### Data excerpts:

-------

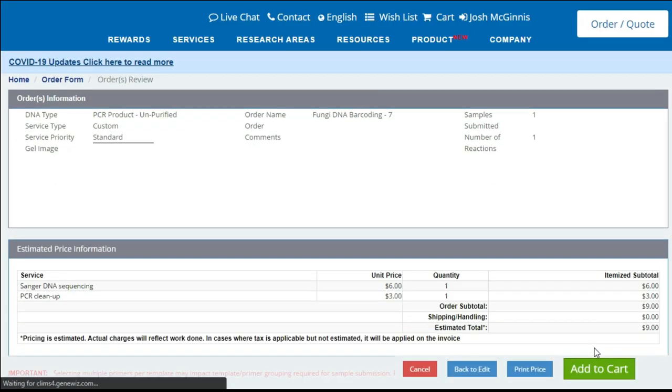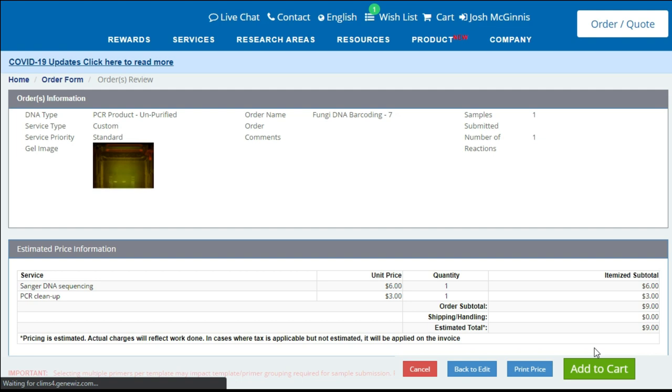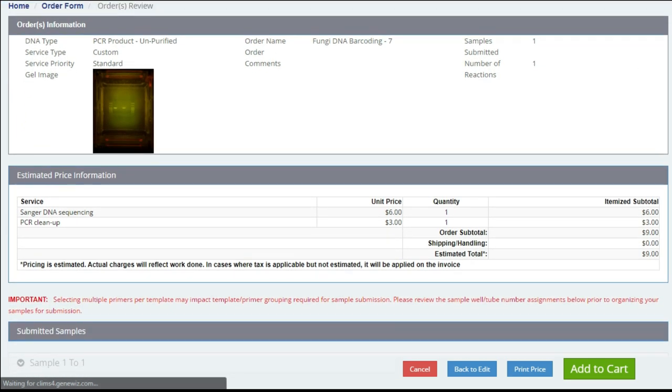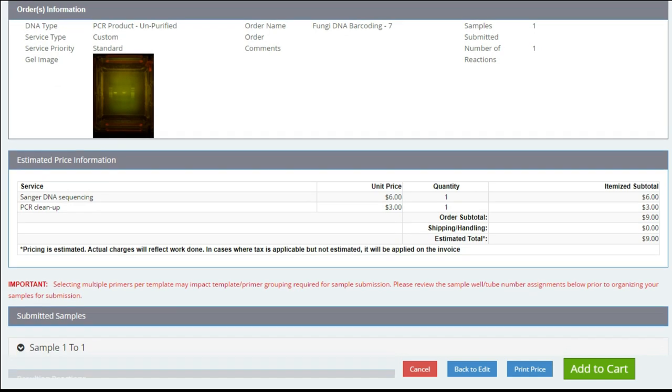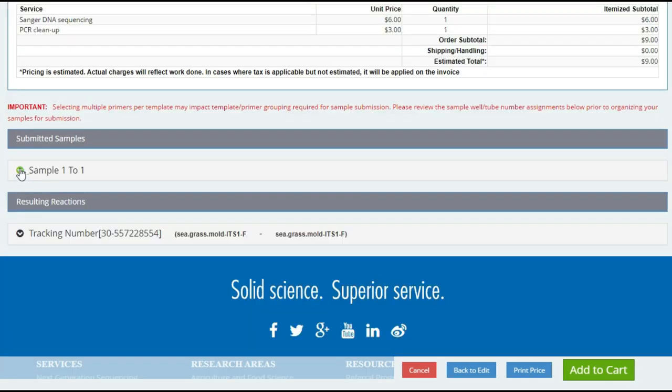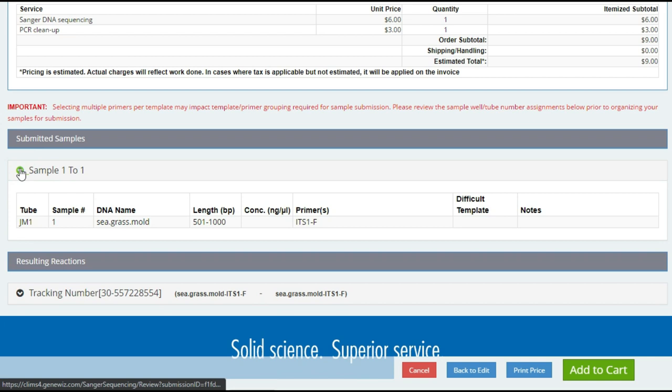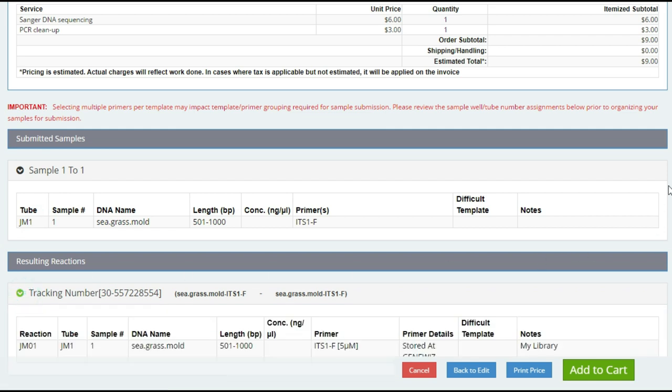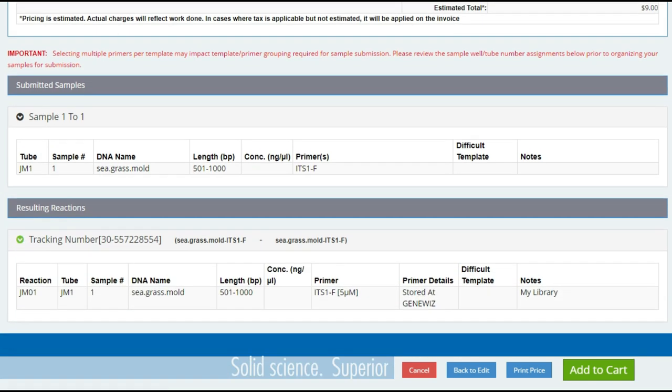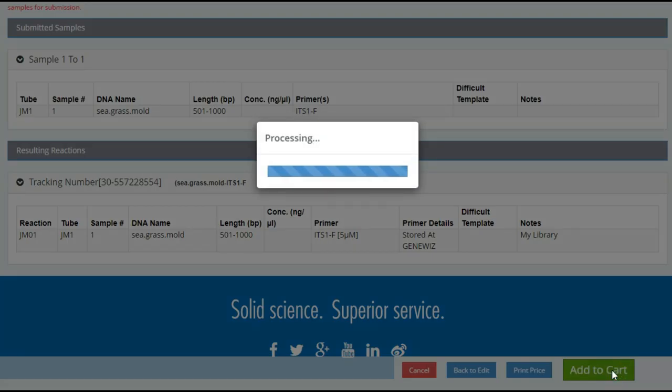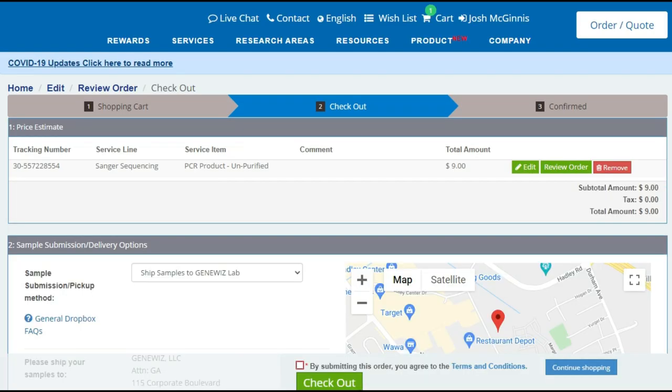So I'll click save and review. And now we can see the total price for our order. It's $6 per sample. And then we need to have them do a cleanup of the PCR product that we did in the first video. And that's an additional $3. So $9 per sample here. Further down the page, we can just confirm that we will be submitting one tube labeled JM1. And it corresponds with the seagrass mold that we are going to DNA barcode. We will then click on add to cart.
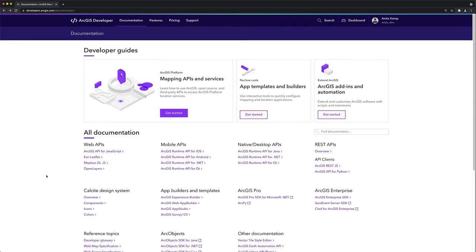Hi, I'm Anita and in this video I want to show you how easy it is to integrate ArcGIS and location services with Open Layers.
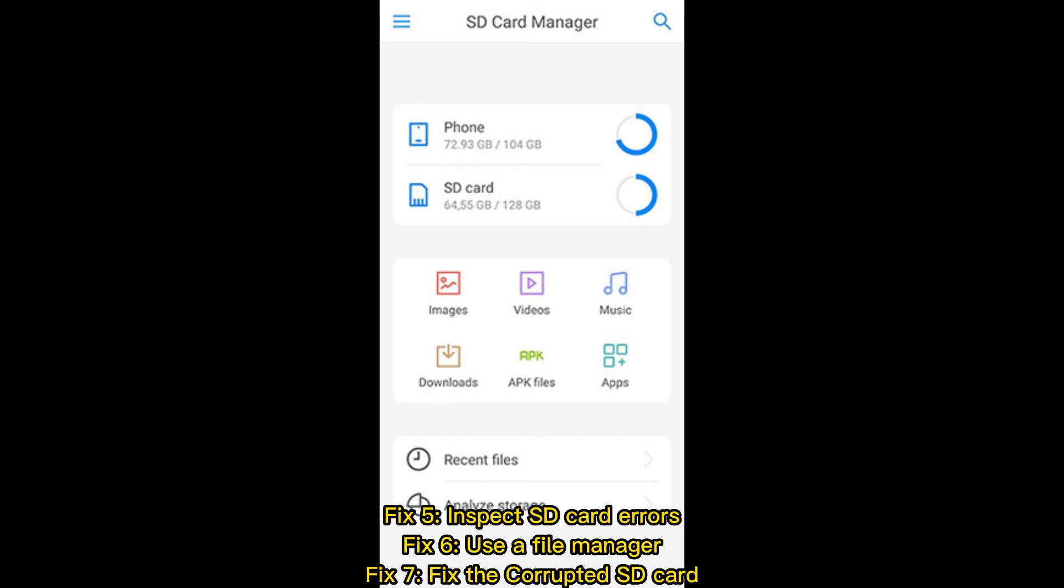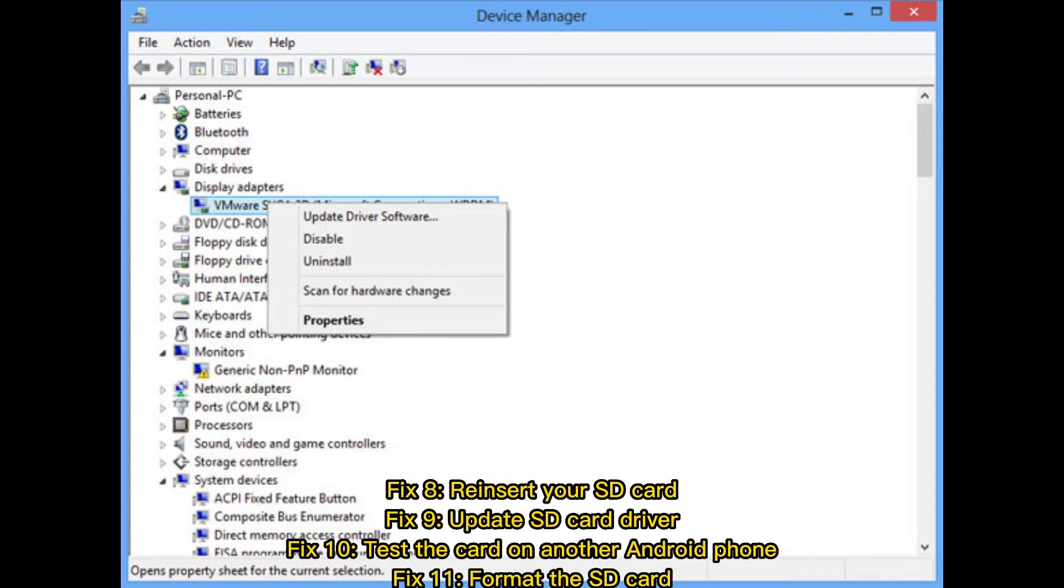Fix 5: Inspect SD card errors. Fix 6: Use a file manager. Fix 7: Fix the corrupted SD card. Fix 8: Reinsert your SD card.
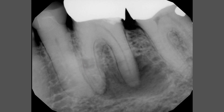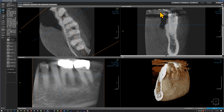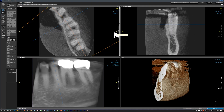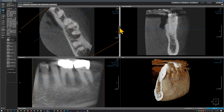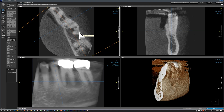Lucky us, we have a CBCT scan to review this area. This blue line represents the image on this window. On this axial view, if we scroll down to the area of the lesion, we see that the lesion is mostly on the lingual and distal, and the tooth may be displaced slightly buccally.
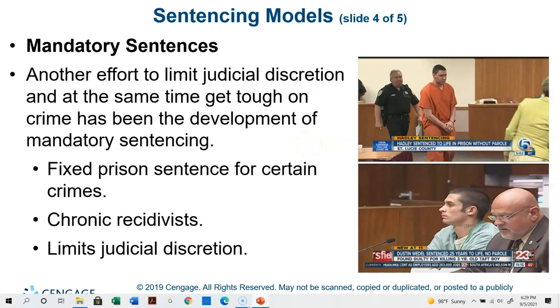This is a good place to take our first break. We're going to stop here for part one, and then we'll come back in a few minutes for part two.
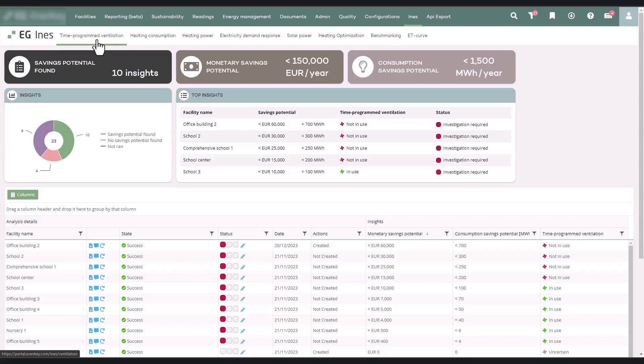Required input data for the analysis are hourly heat measurement, building type, and area. Hourly water measurement is recommended to make analysis more accurate.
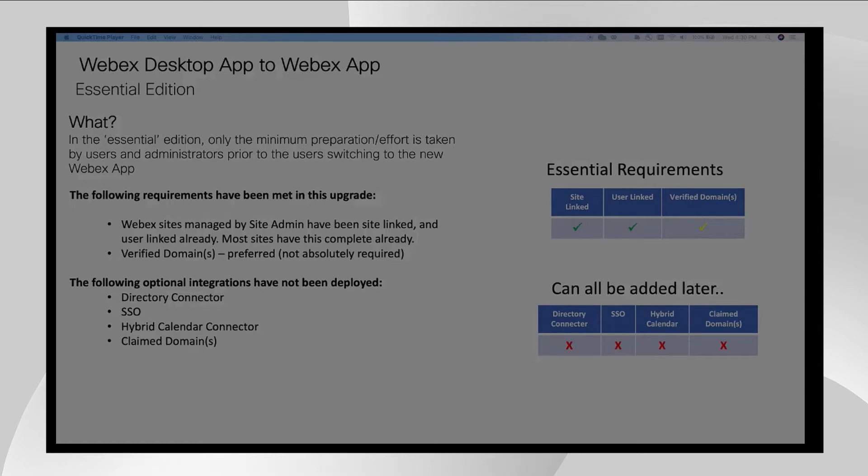Now, we have been quite successful in getting the vast majority of our users and their sites to link their sites and their users with a Webex Control Hub org.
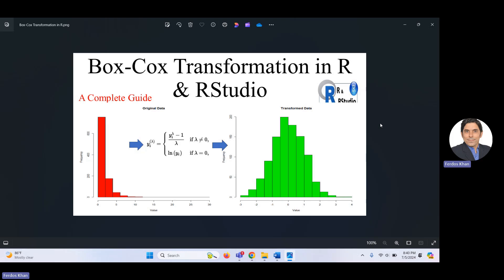You can use log transformation, and particularly when lambda is equal to zero you need to do log transformation. Other options include inverse transformation and square root transformation. I will not go into detail here because I have covered this in the Python video — the link is given in the description of this video.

-------

Copy every record exactly; no pictures.

### Response area:
So I'll click save and review. And now we can see the total price for our order. It's $6 per sample. And then we need to have them do a cleanup of the PCR product that we did in the first video. And that's an additional $3. So $9 per sample here. Further down the page, we can just confirm that we will be submitting one tube labeled JM1. And it corresponds with the seagrass mold that we are going to DNA barcode. We will then click on add to cart.
Hi, I'm Anita and in this video I want to show you how easy it is to integrate ArcGIS and location services with Open Layers.
Fix 5: Inspect SD card errors. Fix 6: Use a file manager. Fix 7: Fix the corrupted SD card. Fix 8: Reinsert your SD card.
Lucky us, we have a CBCT scan to review this area. This blue line represents the image on this window. On this axial view, if we scroll down to the area of the lesion, we see that the lesion is mostly on the lingual and distal, and the tooth may be displaced slightly buccally.
This is a good place to take our first break. We're going to stop here for part one, and then we'll come back in a few minutes for part two.
Required input data for the analysis are hourly heat measurement, building type, and area. Hourly water measurement is recommended to make analysis more accurate.
Now, we have been quite successful in getting the vast majority of our users and their sites to link their sites and their users with a Webex Control Hub org.
You can use log transformation, and particularly when lambda is equal to zero you need to do log transformation. Other options include inverse transformation and square root transformation. I will not go into detail here because I have covered this in the Python video — the link is given in the description of this video.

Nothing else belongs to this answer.